The UK is facing the highest increase in insolvencies in 2019 and 2020 in Western Europe.
Our forecast points to a 10% rise in insolvencies this year, with and a 5% increase in 2020. This forecast is based on a meagre 1.4% expansion of the economy, which would put upward pressure on the number of business failures.
UK survey respondents offer trade credit to B2B customers more often than last year
Based on survey findings in the United Kingdom, respondents transacted 56.1% of the total value of their sales to B2B customers on credit (up from 38.6% last year). This compares to 60.4% for Western Europe. The increased use of trade credit in B2B transactions by UK businesses is primarily a reflection of the current economic and insolvency environment.

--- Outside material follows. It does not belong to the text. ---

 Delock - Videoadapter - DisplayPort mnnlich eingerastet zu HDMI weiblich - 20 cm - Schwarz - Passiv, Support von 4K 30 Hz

Suppliers interviewed in the UK are offering credit terms to increase and retain sales, and to provide B2B customers with short-term financing, during a period of liquidity constraints.
Average payment terms in the UK are shorter than last year
Average payment terms in the UK stand at 20 days from invoicing, down from 24 days last year and considerably lower than the 34 days average for Western Europe. UK survey respondents seem to be more reluctant to give B2B customers longer to pay invoices compared to one year ago. The reluctance is likely to be attributable to uncertainty over trade policy, higher global financial headwinds and the current economic situation. Which are also expected to cause a significant upsurge in business insolvencies in the UK (+10%) - amid rising labour costs and Brexit-related uncertainty. Longer payment timings could increase the risk of not being paid by customers on time, due to the expected worsening of payment practices over the coming months.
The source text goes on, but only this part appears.